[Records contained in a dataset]
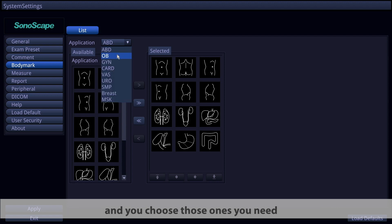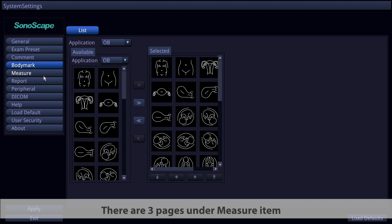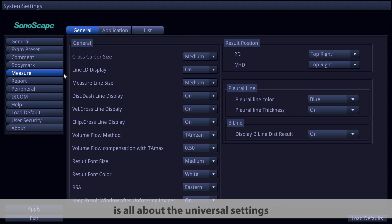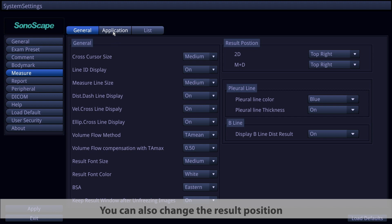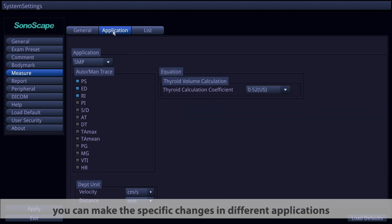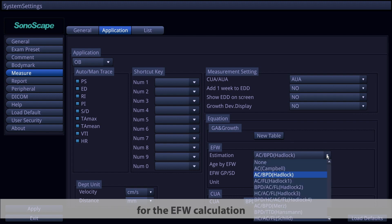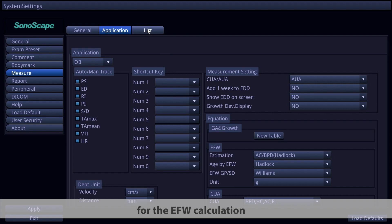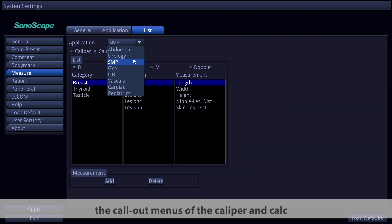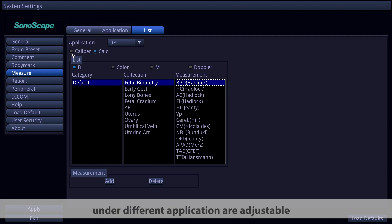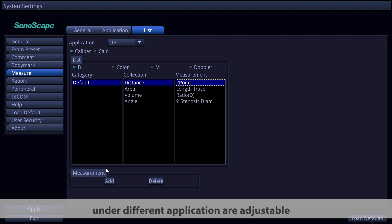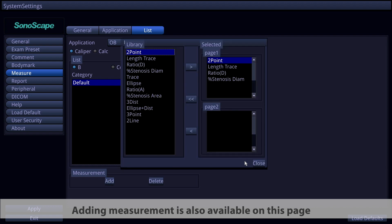Choose the body marks you need. Under the Measure item there are three pages. On the General page, universal settings for measurement elements are configured, and you can change the result position. On the Application page, make specific changes per application — for example, in the OB application you can choose different estimations for EFW calculation. On the List page, caliper and calc call-out menus for different applications are adjustable, and adding measurements is also available.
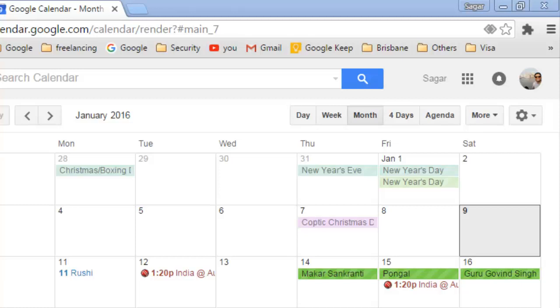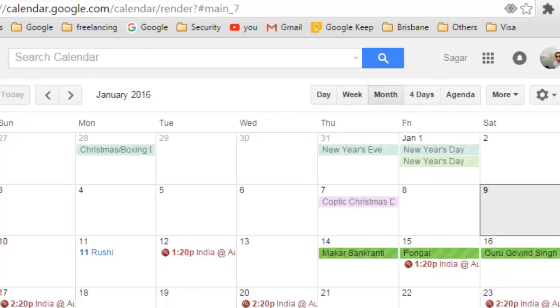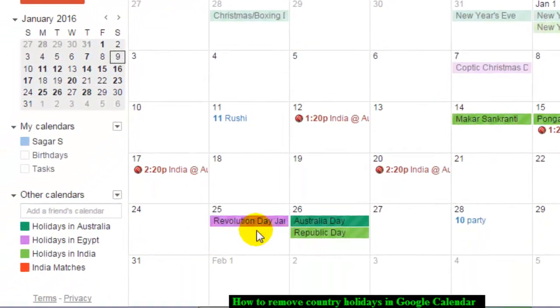Hello there. In this video I'm going to show you how you can remove the country or holidays that are displayed in Google Calendar. Right now I have got these holidays in Egypt shown in this purple color.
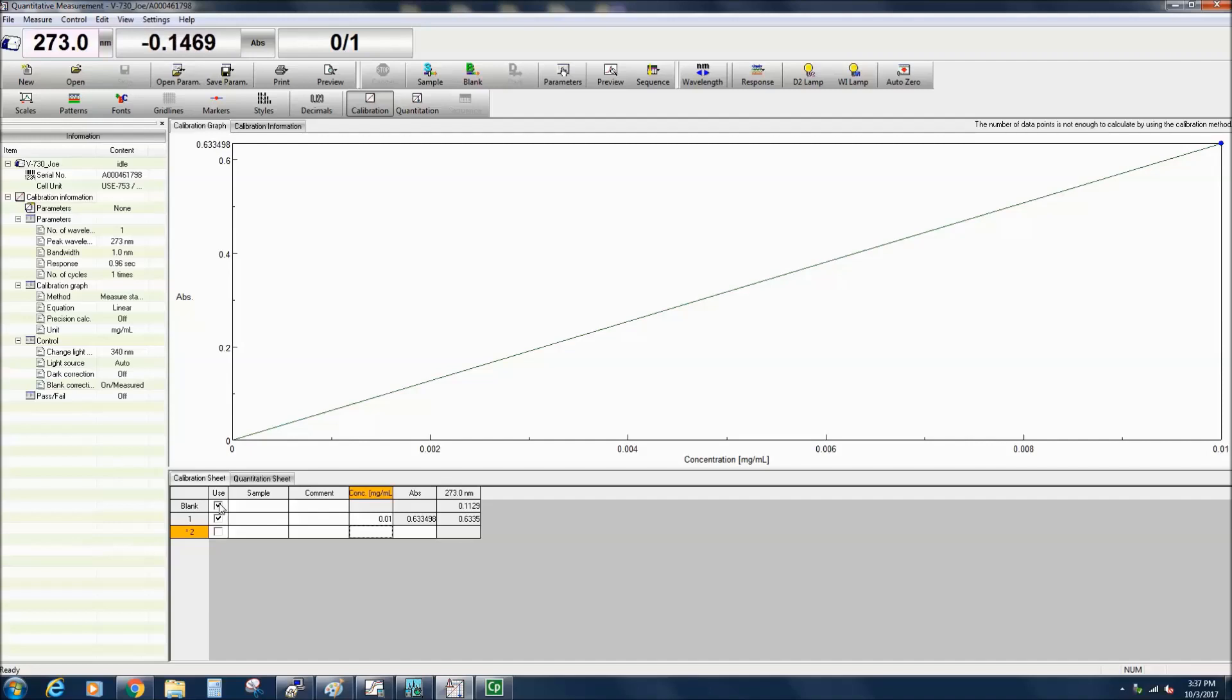The sample name, comment, and concentration can be entered either prior to the measurement or after. A new row is added for subsequent standard sample measurements.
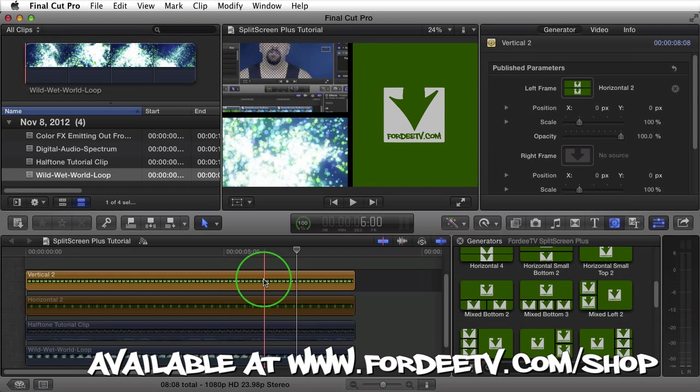I hope you guys liked this tutorial. If you have any questions, please leave them in the comments. If you like my content, please like and subscribe to my YouTube channel. Till next time, I'm out.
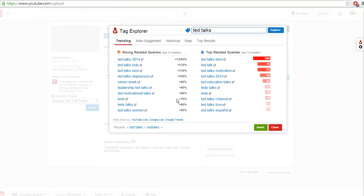So one thing is before when you're doing your research, you would have to copy and paste the tag from here into your list of tags. But now we have this insert button.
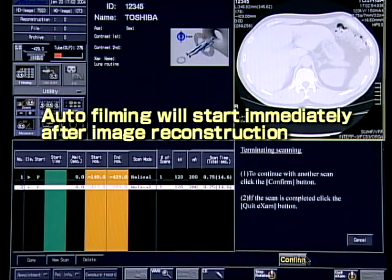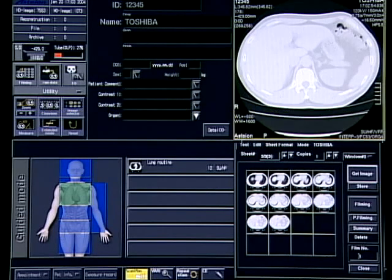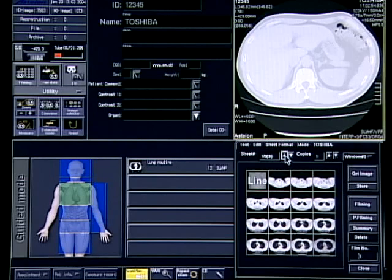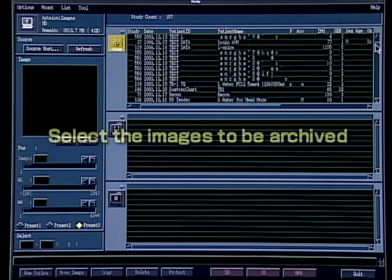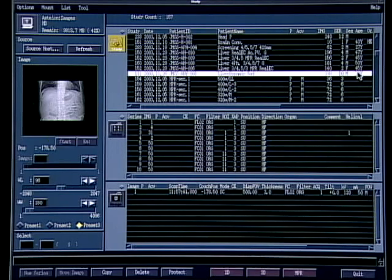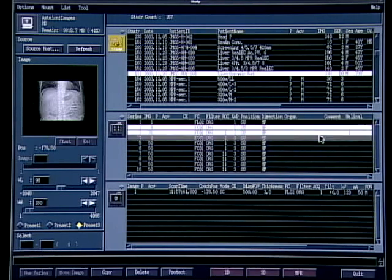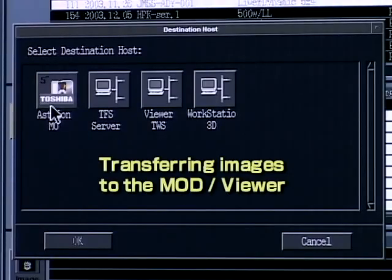When the auto-filming function is incorporated in the scanning protocol, all the steps from scanning to filming can be performed automatically. The procedures for transferring and saving images are also simple. Images can be transferred to multiple destinations at the same time.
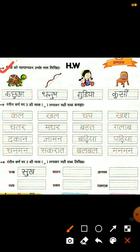चित्रों को पहचान कर उनके नाम लिखे — here some pictures are given, you have to identify them and write their names below. For example, the words given below are: कच्छुआ, धनुष, गुडिया, कुर्सी.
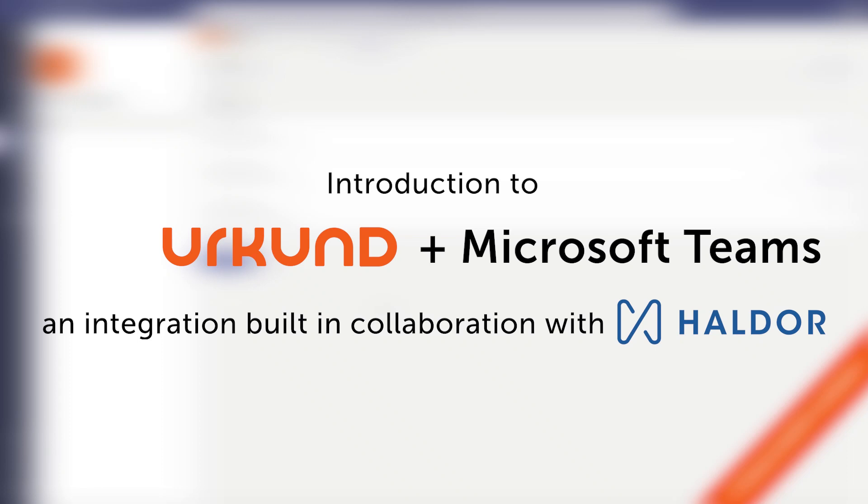Welcome to an introduction to Urkund in Microsoft Teams, an integration built in collaboration with Haldor.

> [What the task requires]: Starting at the line that contains "चित्रों को पहचान" and ending at the final line of the data, reproduce each line exactly. Pictures stay out of the copy.

> [Response]:
चित्रों को पहचान कर उनके नाम लिखे — here some pictures are given, you have to identify them and write their names below. For example, the words given below are: कच्छुआ, धनुष, गुडिया, कुर्सी.
Welcome to an introduction to Urkund in Microsoft Teams, an integration built in collaboration with Haldor.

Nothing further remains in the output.